## The records
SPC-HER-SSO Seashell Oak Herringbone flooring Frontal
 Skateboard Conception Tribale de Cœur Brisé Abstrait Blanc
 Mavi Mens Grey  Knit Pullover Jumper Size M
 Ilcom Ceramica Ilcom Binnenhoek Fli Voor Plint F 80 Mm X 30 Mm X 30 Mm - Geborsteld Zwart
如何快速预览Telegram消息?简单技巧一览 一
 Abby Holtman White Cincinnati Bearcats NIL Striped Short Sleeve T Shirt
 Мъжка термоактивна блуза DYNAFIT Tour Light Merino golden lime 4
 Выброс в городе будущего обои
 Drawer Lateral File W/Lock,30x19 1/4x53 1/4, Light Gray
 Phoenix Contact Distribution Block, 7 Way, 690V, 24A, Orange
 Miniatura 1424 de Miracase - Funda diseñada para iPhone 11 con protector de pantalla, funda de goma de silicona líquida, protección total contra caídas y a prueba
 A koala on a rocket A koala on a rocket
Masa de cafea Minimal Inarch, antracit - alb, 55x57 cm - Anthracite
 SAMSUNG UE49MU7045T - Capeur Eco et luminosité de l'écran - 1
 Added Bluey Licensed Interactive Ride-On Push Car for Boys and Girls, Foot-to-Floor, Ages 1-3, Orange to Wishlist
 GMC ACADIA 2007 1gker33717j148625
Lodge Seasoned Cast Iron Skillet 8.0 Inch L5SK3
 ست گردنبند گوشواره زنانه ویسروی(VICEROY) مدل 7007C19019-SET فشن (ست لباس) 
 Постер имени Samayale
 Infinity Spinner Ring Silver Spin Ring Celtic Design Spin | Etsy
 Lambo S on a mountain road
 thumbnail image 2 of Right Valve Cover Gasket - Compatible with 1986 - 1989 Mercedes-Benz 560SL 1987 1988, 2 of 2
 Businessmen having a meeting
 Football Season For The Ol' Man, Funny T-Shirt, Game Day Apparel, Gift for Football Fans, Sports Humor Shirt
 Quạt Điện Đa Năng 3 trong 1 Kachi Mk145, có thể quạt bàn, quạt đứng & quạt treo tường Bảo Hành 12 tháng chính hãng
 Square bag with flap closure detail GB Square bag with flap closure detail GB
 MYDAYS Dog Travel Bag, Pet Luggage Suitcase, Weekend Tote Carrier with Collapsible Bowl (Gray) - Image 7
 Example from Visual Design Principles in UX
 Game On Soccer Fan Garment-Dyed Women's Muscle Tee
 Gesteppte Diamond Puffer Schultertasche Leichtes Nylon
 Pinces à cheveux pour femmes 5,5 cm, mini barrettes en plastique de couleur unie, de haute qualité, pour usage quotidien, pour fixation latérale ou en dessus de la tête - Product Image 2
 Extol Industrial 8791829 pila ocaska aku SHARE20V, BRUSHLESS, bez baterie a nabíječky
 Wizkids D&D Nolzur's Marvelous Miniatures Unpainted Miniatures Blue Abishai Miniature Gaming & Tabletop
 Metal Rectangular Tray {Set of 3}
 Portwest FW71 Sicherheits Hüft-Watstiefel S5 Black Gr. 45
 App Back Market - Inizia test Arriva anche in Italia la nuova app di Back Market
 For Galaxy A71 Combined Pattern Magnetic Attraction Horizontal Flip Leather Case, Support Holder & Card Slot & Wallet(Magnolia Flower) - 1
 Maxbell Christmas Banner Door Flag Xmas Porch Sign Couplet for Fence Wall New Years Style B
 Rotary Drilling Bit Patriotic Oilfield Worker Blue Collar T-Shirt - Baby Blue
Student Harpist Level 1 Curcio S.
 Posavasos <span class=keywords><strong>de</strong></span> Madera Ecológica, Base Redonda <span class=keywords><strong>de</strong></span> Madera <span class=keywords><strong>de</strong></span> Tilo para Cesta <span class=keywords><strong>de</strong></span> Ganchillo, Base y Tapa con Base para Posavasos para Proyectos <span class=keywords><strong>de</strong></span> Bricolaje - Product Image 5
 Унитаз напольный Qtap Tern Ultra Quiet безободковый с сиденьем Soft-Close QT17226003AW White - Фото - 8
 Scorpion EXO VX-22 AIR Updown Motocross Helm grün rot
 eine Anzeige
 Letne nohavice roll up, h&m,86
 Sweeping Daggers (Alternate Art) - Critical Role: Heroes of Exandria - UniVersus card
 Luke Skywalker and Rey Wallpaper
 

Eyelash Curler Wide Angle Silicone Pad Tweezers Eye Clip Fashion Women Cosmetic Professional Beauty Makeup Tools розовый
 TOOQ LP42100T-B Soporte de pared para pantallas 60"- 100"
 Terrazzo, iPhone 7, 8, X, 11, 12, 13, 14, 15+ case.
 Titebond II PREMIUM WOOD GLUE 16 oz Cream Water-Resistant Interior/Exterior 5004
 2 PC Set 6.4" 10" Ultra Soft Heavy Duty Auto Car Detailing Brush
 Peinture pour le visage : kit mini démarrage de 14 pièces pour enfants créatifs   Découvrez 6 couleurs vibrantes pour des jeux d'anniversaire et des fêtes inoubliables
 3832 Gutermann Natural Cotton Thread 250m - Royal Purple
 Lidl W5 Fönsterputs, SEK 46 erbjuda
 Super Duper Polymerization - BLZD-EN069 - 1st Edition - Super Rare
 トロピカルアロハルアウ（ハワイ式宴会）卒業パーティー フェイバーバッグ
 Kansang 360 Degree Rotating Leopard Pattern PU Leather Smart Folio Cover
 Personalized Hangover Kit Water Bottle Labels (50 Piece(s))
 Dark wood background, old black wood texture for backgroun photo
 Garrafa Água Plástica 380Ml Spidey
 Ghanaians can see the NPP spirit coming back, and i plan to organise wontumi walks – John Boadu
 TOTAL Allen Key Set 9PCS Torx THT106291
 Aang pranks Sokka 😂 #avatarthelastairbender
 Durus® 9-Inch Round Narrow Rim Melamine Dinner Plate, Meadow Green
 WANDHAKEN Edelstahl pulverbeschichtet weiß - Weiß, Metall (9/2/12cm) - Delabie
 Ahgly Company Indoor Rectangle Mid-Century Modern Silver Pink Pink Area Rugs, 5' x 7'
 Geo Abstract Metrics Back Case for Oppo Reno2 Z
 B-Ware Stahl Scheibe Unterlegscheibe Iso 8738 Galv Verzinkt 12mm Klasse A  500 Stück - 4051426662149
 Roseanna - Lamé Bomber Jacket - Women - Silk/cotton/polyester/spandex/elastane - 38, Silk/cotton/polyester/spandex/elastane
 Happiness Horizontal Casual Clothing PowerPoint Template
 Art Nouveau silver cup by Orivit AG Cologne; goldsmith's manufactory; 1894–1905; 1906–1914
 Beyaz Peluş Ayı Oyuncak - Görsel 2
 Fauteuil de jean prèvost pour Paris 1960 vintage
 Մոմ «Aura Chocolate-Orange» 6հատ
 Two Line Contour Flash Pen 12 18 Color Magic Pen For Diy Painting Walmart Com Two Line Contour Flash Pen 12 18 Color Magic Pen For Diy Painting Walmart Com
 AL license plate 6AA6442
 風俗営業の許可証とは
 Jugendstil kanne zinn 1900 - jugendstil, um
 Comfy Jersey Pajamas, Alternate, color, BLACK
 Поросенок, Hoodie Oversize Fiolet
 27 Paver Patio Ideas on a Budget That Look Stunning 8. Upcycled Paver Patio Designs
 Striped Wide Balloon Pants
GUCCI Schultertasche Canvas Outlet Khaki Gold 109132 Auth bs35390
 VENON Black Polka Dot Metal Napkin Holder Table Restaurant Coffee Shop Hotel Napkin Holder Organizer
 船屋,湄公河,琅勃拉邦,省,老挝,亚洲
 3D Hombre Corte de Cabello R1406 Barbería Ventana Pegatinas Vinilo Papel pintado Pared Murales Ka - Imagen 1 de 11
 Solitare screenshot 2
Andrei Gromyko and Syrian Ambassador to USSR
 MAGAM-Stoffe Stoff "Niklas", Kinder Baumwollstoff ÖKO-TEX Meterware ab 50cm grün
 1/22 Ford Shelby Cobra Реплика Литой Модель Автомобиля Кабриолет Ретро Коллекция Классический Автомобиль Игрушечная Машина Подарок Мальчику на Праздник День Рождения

## What this task involves
Retype exactly, and only, the lines from the line holding "ab 50cm grün" through the last line of the data; both of those lines count.

## Answer
 MAGAM-Stoffe Stoff "Niklas", Kinder Baumwollstoff ÖKO-TEX Meterware ab 50cm grün
 1/22 Ford Shelby Cobra Реплика Литой Модель Автомобиля Кабриолет Ретро Коллекция Классический Автомобиль Игрушечная Машина Подарок Мальчику на Праздник День Рождения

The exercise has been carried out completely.